### [Provided entries]
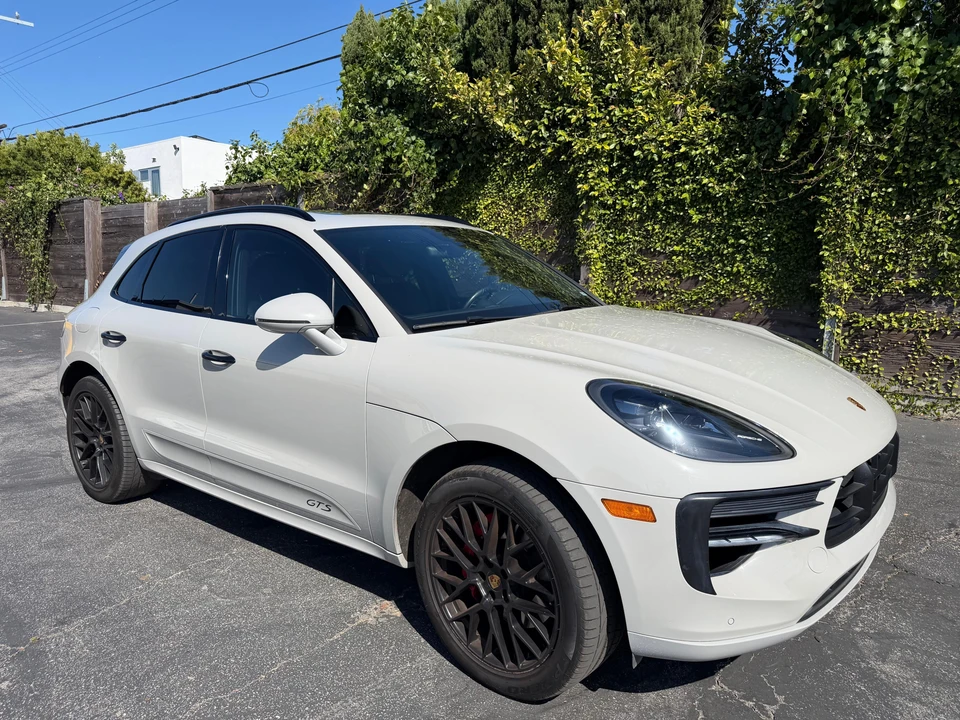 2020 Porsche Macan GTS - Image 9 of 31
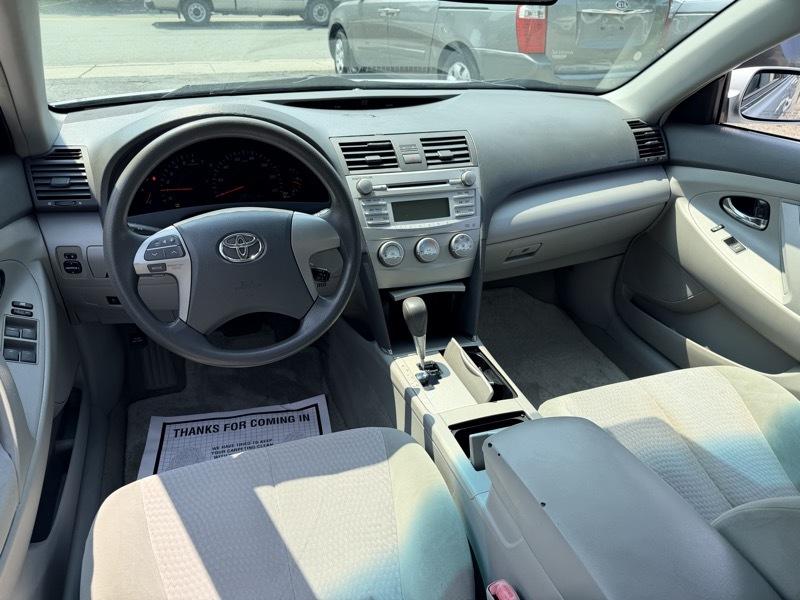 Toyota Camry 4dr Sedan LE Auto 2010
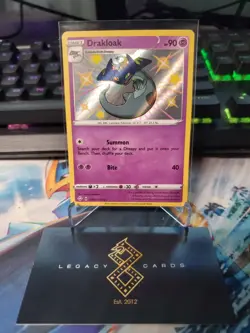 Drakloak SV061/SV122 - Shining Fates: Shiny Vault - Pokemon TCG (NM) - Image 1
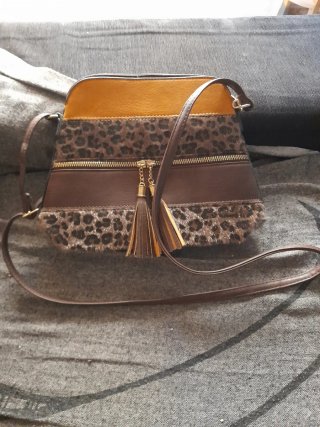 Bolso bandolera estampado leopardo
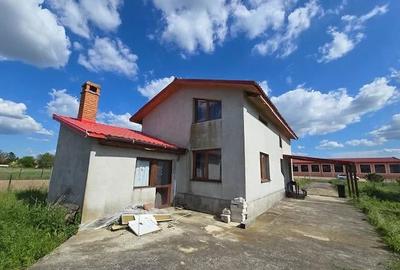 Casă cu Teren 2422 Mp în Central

--

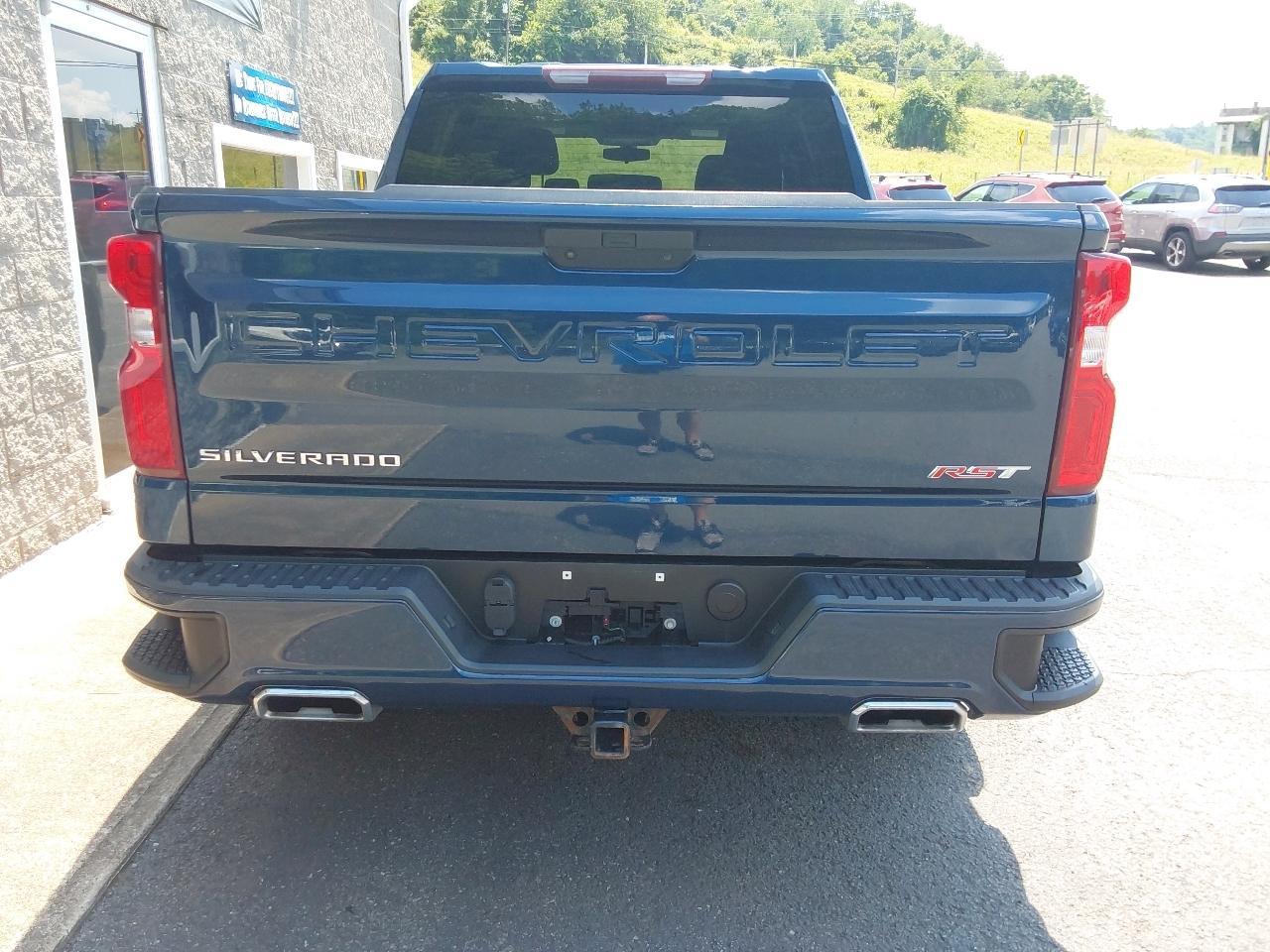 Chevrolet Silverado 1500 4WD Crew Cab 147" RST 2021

### [Work to complete]
Extract, without any images, the part of the material above that opens with the line containing "Drakloak SV061/SV122 - Shining" and closes with the line containing "Casă cu Teren 2422 Mp în Central", both lines included.

### [Result below]
 Drakloak SV061/SV122 - Shining Fates: Shiny Vault - Pokemon TCG (NM) - Image 1
 Bolso bandolera estampado leopardo
 Casă cu Teren 2422 Mp în Central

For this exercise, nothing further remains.